**AVAILABLE DATA**
◆ ◆ ◆

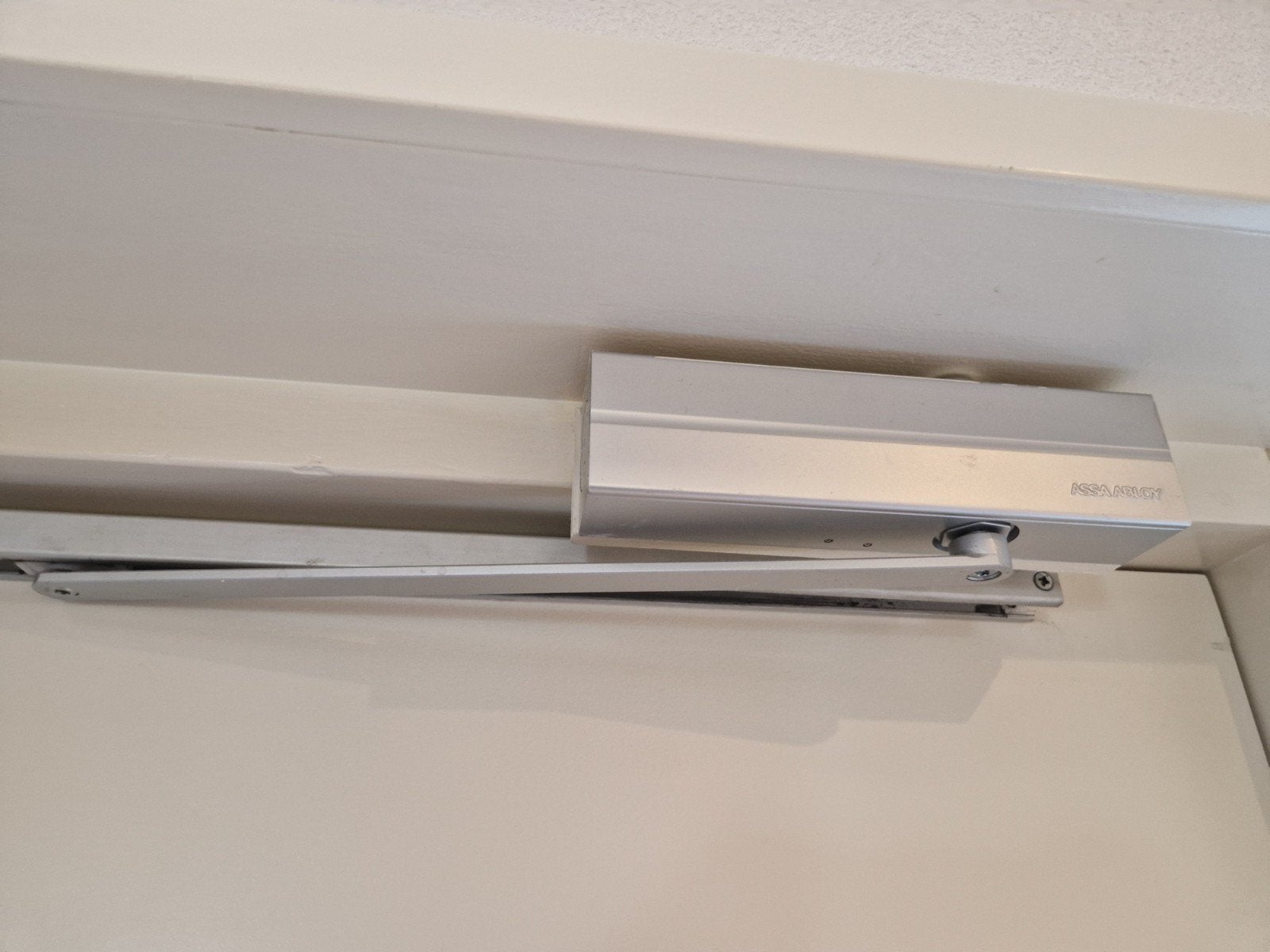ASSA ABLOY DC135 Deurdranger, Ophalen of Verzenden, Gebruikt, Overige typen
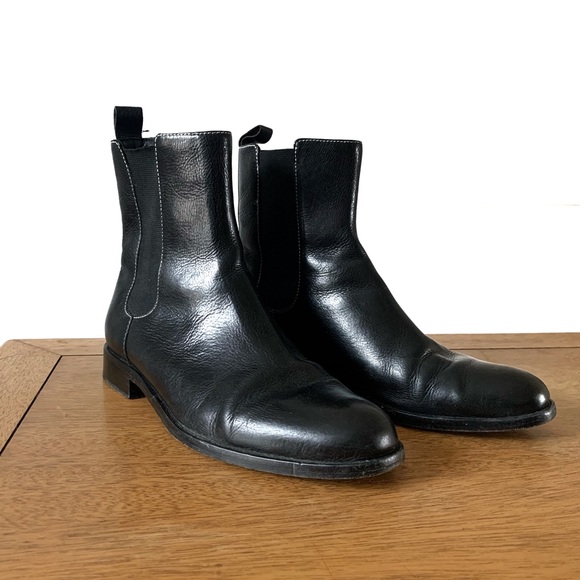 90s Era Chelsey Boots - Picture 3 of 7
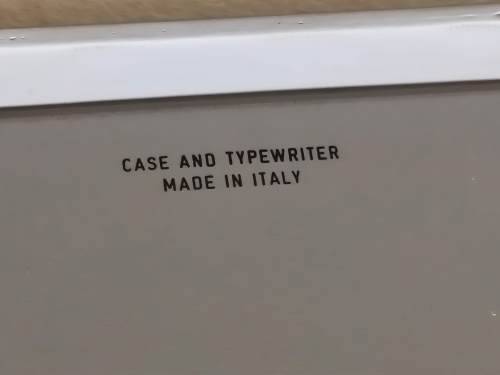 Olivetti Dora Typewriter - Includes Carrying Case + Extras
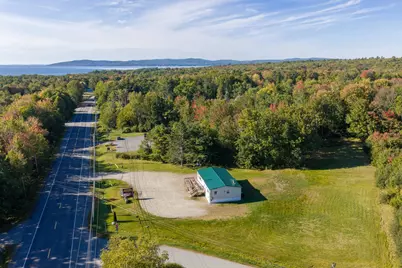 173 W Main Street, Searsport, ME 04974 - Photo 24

◆ ◆ ◆

**YOUR INSTRUCTIONS**
Repeat the material above word for word; no images go in the copy.

**OUTPUT OF THE TASK**
ASSA ABLOY DC135 Deurdranger, Ophalen of Verzenden, Gebruikt, Overige typen
 90s Era Chelsey Boots - Picture 3 of 7
 Olivetti Dora Typewriter - Includes Carrying Case + Extras
 173 W Main Street, Searsport, ME 04974 - Photo 24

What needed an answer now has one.